Some background on my problem. I have an individual-based model written in C++ that describes the HIV epidemic in Kenya over time from 1970 to 2036/2056. This model is called through R which supplies a whole bunch of arguments allowing me to simulate a whole bunch of different scenarios. For some time now I have been using Python as a high-level manager for these simulations. I simple stick some python script in a directory, it creates all the directories, writes the R scripts, writes the .bat files and submits the jobs to the cluster.
Recently, I have been running a set of scenarios that involve learning from experience. I run some simulations and depending on the results, make some changes to the next set of simulations. A simple method for doing this was by running an R script across all the results and computing the changes that needed to be made. This was okay but if you want to run several hundred scenarios at once, it quickly becomes boring, and rather tedious.
I figured that I would write some python code that would deploy the simulations, wait for them to complete then run some analysis in R and then deploy the next set of simulations. Actually, rather than have my instance of Python sleep for a while and take up resources I kill it off and allow each simulation to check if the others are done, create a lock-file if they have finished and run some analysis.
This actually turned out better than my original plan, but I was still keen to know how to call R directly from my instance of python. The way I was submitting jobs and generally accessing the command line was by using the os module and calling:
import os
os.system("job submit /scheduler:somewhere /numcores:lots \\somecomputer\somewhere\")

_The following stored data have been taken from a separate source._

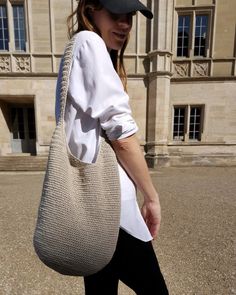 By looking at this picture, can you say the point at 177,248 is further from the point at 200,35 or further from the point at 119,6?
the point at 200,35

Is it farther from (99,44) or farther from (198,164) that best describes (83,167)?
(198,164)

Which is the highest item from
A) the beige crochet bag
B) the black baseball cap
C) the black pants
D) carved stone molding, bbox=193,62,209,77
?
carved stone molding, bbox=193,62,209,77

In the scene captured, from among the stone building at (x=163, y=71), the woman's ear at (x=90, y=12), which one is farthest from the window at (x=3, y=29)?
the woman's ear at (x=90, y=12)

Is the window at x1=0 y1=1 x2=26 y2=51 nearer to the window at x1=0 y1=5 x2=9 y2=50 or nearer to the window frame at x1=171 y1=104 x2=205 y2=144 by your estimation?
the window at x1=0 y1=5 x2=9 y2=50

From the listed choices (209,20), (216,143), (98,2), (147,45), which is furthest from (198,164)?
(98,2)

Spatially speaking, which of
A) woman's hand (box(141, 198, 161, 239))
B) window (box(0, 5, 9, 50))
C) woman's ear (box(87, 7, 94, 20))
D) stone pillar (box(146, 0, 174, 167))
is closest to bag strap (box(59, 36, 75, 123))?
woman's ear (box(87, 7, 94, 20))

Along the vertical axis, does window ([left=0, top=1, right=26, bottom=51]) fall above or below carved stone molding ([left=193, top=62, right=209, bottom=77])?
above

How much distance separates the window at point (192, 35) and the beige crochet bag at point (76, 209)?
1204cm

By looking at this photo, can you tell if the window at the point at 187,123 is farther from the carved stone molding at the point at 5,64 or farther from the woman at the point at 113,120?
the woman at the point at 113,120

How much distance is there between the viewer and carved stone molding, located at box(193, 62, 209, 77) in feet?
36.0

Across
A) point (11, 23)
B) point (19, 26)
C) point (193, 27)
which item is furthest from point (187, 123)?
point (11, 23)

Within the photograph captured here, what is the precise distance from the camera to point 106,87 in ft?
2.74

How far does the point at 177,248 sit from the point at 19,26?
40.6ft

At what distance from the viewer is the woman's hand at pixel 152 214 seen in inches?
41.9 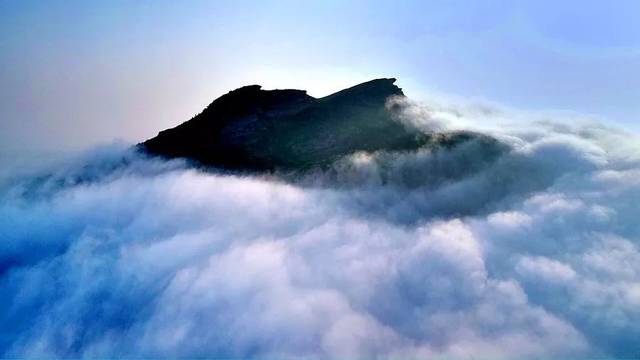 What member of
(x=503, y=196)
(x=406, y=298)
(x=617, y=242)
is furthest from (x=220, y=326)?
(x=617, y=242)

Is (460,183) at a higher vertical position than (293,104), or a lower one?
lower

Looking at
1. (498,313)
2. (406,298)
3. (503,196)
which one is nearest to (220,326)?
A: (406,298)

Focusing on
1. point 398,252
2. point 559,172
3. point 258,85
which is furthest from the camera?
point 559,172

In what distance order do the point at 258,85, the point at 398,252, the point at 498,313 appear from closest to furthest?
1. the point at 498,313
2. the point at 258,85
3. the point at 398,252

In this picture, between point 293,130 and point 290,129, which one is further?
point 293,130

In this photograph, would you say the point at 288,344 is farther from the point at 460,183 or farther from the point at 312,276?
the point at 460,183

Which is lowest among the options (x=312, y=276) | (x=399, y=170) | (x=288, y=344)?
(x=288, y=344)

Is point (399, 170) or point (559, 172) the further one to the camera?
point (559, 172)

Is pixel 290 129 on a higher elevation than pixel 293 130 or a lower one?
higher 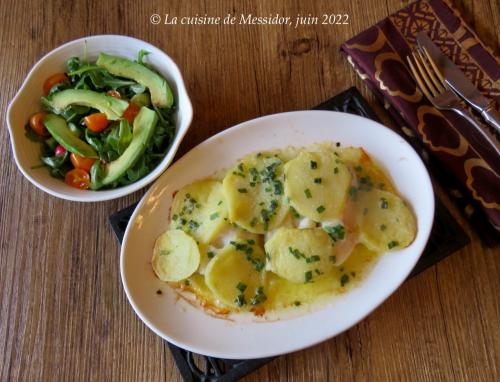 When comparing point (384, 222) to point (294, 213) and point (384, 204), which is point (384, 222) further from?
point (294, 213)

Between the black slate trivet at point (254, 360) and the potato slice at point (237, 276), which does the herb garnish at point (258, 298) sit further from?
the black slate trivet at point (254, 360)

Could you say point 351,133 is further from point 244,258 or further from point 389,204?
point 244,258

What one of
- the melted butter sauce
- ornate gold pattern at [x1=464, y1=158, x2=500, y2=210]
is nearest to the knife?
ornate gold pattern at [x1=464, y1=158, x2=500, y2=210]

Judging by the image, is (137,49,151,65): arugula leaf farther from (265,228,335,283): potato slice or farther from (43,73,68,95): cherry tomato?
(265,228,335,283): potato slice

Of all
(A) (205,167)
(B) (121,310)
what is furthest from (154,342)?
(A) (205,167)

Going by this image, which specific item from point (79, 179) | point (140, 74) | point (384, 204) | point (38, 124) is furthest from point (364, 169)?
point (38, 124)

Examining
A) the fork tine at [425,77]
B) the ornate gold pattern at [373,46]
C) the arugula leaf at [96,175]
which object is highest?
the ornate gold pattern at [373,46]

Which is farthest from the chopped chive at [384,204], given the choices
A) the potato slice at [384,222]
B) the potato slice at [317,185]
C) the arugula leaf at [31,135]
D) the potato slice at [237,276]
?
the arugula leaf at [31,135] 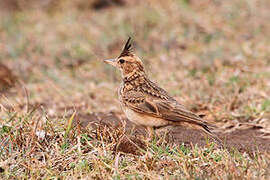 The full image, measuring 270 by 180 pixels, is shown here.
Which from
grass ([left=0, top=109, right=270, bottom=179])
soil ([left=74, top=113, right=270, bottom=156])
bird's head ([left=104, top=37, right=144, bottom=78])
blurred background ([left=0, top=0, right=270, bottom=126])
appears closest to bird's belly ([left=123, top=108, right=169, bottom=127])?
soil ([left=74, top=113, right=270, bottom=156])

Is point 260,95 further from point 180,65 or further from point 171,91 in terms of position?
point 180,65

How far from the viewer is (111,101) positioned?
315 inches

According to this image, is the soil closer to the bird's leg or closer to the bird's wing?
the bird's leg

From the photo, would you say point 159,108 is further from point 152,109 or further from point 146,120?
point 146,120

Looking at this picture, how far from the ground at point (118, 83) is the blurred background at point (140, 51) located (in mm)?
25

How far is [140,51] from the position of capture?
420 inches

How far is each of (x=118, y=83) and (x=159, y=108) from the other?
365 cm

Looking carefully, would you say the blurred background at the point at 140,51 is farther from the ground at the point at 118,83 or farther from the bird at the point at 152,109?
the bird at the point at 152,109

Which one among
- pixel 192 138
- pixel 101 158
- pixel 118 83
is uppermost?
pixel 118 83

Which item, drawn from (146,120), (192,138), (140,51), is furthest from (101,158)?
(140,51)

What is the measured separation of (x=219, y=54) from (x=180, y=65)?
77 cm

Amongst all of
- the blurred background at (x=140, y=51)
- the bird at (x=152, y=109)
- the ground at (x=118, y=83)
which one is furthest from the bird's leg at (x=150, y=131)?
the blurred background at (x=140, y=51)

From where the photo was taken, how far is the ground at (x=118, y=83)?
4.63 meters

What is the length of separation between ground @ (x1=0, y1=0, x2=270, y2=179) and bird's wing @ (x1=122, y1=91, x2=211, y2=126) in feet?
0.85
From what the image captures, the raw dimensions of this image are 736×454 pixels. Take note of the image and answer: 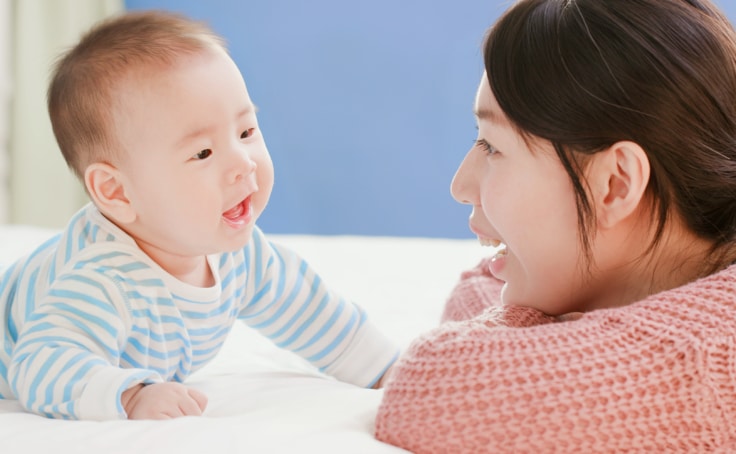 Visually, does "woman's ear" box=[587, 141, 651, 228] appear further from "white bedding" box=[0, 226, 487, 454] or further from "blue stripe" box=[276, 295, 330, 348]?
"blue stripe" box=[276, 295, 330, 348]

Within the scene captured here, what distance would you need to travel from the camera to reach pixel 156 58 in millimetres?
1131

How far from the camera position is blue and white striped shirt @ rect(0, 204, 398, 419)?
1011mm

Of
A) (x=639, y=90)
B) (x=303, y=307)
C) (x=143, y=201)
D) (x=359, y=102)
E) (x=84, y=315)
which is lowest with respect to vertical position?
(x=359, y=102)

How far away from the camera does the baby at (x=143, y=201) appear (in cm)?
110

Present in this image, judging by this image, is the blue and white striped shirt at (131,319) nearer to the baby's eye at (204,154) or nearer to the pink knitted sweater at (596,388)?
the baby's eye at (204,154)

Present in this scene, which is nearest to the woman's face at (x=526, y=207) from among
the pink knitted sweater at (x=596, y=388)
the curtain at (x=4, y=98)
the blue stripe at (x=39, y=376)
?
the pink knitted sweater at (x=596, y=388)

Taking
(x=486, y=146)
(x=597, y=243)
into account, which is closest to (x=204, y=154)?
(x=486, y=146)

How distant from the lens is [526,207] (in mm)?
1011

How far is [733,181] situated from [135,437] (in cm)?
67

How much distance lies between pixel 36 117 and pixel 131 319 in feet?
8.31

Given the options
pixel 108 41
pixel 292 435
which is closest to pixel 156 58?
pixel 108 41

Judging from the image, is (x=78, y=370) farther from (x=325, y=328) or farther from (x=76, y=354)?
(x=325, y=328)

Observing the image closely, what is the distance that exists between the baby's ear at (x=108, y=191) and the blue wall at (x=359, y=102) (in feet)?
8.39

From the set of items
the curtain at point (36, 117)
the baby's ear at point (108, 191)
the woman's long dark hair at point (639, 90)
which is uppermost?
the woman's long dark hair at point (639, 90) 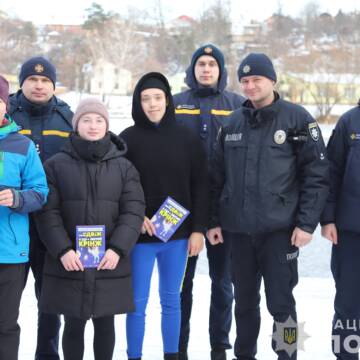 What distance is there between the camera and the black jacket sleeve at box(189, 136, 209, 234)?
3409mm

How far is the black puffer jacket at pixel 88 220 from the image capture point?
2996 millimetres

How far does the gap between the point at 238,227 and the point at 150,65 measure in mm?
48624

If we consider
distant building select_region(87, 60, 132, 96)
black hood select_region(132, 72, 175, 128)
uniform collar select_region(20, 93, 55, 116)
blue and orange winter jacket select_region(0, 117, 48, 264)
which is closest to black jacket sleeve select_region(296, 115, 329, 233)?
black hood select_region(132, 72, 175, 128)

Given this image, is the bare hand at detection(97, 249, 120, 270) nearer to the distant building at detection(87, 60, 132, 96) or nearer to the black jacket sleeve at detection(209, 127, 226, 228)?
the black jacket sleeve at detection(209, 127, 226, 228)

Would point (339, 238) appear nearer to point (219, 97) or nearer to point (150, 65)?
point (219, 97)

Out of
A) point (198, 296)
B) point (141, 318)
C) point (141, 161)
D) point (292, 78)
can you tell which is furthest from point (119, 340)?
point (292, 78)

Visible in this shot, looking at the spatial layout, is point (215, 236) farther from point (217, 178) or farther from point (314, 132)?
point (314, 132)

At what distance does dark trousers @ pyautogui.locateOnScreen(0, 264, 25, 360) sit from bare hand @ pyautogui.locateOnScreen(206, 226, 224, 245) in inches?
44.5

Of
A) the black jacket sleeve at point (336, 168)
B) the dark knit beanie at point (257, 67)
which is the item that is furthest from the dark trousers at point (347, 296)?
the dark knit beanie at point (257, 67)

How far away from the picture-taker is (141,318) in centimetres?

Yet, interestingly if I tried:
os.system("Rscript \\somescript\somewhere")
I got nowhere. I then tried the absolute path to Rscript.exe (windows cluster), but to no avail. The solution turned out to be clunky.
# Two methods:
import subprocess
# Either with \\ double backslash.
subprocess.call(["C:\\Program Files\\R\\R-3.0.1\\bin\\Rscript.exe","\\\\somecomputer\\someplace\\mydir\\Test\\Python\\test.R"]);
# or using the ignore escape character 'r'
subprocess.call([r"C:\Program Files\R\R-3.0.1\bin\Rscript.exe",r"\\somecomputer\someplace\mydir\Test\Python\test.R"]);
# It turns out that using os.system is odd.
# It needs to be in double-quotes then wrapped in single-quotes
# Then where to arguments go? Within the single-quotes but not the double-quotes. WTF!?
os.system('"C:\\Program Files\\R\R-3.0.1\\bin\Rscript.exe" --version')
Anyway, now we have the solution.